Given records –
####

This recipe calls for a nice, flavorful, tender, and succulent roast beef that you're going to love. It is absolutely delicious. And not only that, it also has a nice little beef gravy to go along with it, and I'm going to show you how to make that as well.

####

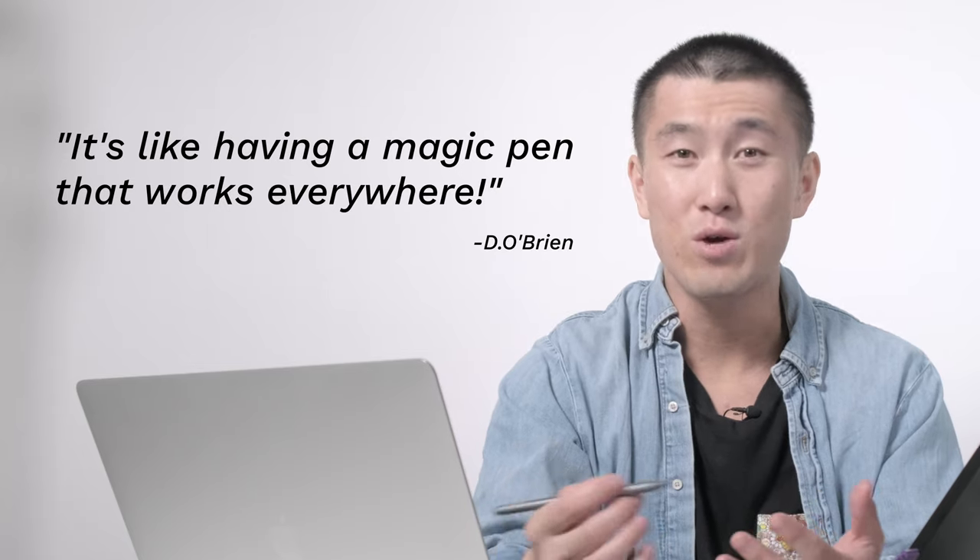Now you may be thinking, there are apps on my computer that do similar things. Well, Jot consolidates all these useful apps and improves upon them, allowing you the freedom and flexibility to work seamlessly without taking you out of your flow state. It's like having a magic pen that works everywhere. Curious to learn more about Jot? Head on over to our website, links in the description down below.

####

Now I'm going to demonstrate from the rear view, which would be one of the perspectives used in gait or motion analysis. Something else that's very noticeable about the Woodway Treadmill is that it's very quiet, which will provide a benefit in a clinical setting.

####

Directions for this task –
Your answer must be every line from the entries that contains the string "going", copied as it stands.

Result below –
This recipe calls for a nice, flavorful, tender, and succulent roast beef that you're going to love. It is absolutely delicious. And not only that, it also has a nice little beef gravy to go along with it, and I'm going to show you how to make that as well.
Now I'm going to demonstrate from the rear view, which would be one of the perspectives used in gait or motion analysis. Something else that's very noticeable about the Woodway Treadmill is that it's very quiet, which will provide a benefit in a clinical setting.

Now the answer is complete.